Time for child-focused foster care reform

Photo by Todd Wiseman

The name and face of Leiliana Wright have become too familiar to people across Texas. Her story has been in the media since she suffered a horrible death in March at the age of four, and her loss has been a catalyst for public outrage over the deaths of too many other children who, like Leliliana, were involved with Child Protective Services.

The Department of Family and Protective Services, which oversees Child Protective Services, is in turmoil, struggling with how to repair an unsound system that has failed to protect too many children. During this period of instability, Texas Court Appointed Special Advocates (CASA) has remained unwavering in our mission to support our 72 local volunteer advocacy programs and advocate for effective public policy for children in the child protection system.

We believe steps to transform the system must be governed by the best interests of the child, so we urge state leaders to build reform efforts based on the following child-centered recommendations.

Create a Trauma-informed System

Every child who enters the child protection system has experienced trauma, whether from abuse or neglect by their families or as a result of separation from their families after removal from their homes.

Trauma’s impact on developing children and youth can cause both short- and long-term problems, including learning difficulties, behavior problems, impaired relationships and poor social and emotional competence. Perhaps the biggest tragedy is that the system itself often subjects these children to further trauma.

Recommendation: The entire child protection system must become more trauma-informed in order for children to have the opportunity to heal and experience the permanency and positive outcomes they deserve.

Improve Foster Care Practices

Texas faces three equally troubling problems with our paid foster care system. First, foster care providers face a financial disincentive to work toward healing high-needs children — currently, the system pays providers higher rates for children who display challenging behaviors, rather than rewarding them for healing children and reducing these behaviors.

Secondly, we simply do not have sufficient capacity to appropriately house and care for the number of children removed from their parents and families. Our current capacity crisis has forced children to sleep in state offices or hotels under the oversight of already overworked CPS staff.

Finally, because of these shortages and the constant pressure on the system, we are tearing children out of their home communities and placing them far away from family, friends and other supports in order to access available placement beds. Sixty percent of children in the system are placed outside their home county, and 20 percent are placed in another CPS region.

Such distant placements add to the trauma that children experience and can diminish their academic progress in school and often impede or prevent efforts to reunify families.

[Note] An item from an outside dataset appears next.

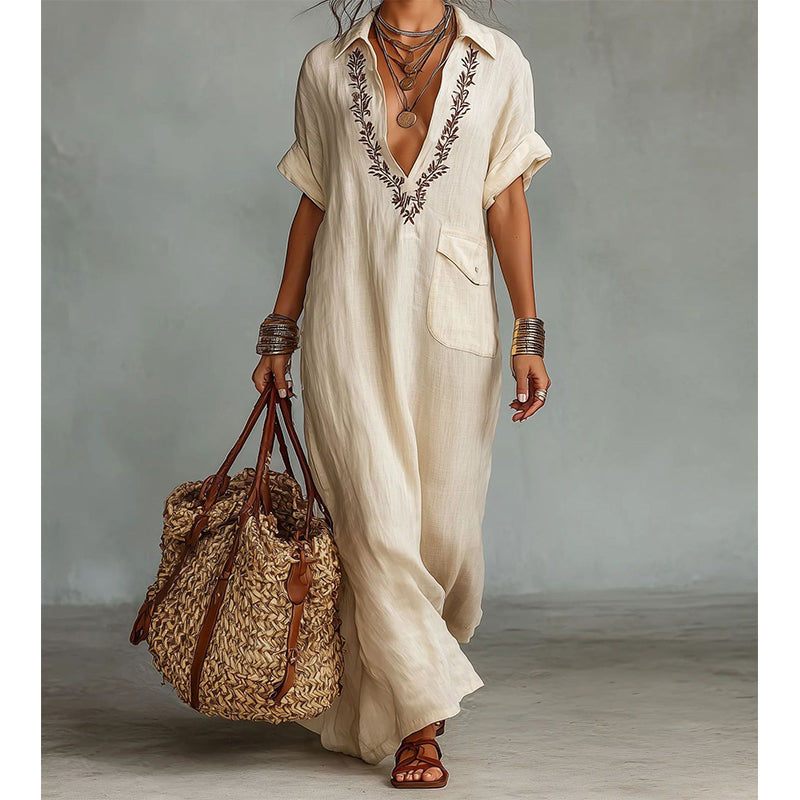 🍃 Sommerkleid mit floraler Stickerei – weicher Stoff, leichter Fall & schmeichelhafter Schnitt, perfekt für Spaziergänge, Café oder den Urlaub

Recommendation: State leaders need to align financial incentives with the types of healing outcomes that enable children to recover from trauma and lead successful lives. They also need to expand capacity and create new policies that better enable children to be placed in their home communities.

Assure Adequate Investigations for Children in Foster Care

CPS has well-trained investigators who generally conduct thorough child abuse and neglect investigations (provided they have manageable caseloads). However, when abuse or neglect allegations are made with regard to children in state-licensed foster homes or other licensed facilities, those investigations are performed by employees of the Residential Child Care Licensing (RCCL) division of DFPS.

These employees are trained to enforce minimum-standard licensing regulations, not to investigate allegations of abuse or neglect. Consequently, these investigations are inadequate and do not properly protect children in foster care.

Recommendation: State law or agency practice needs to be changed so that all abuse and neglect investigations are conducted by highly trained CPS investigators.

While these are just three of the critical issues that Texas CASA will champion during the 85th Legislative Session, all of our policy priorities are focused on improving outcomes for Texas’ most vulnerable children. During this uncertain time, it is more important than ever that the child welfare community come together to ensure that children's needs come first, providing them with the same opportunity to thrive as any other child.

Together, we can ensure a safe, positive future for all Texas children.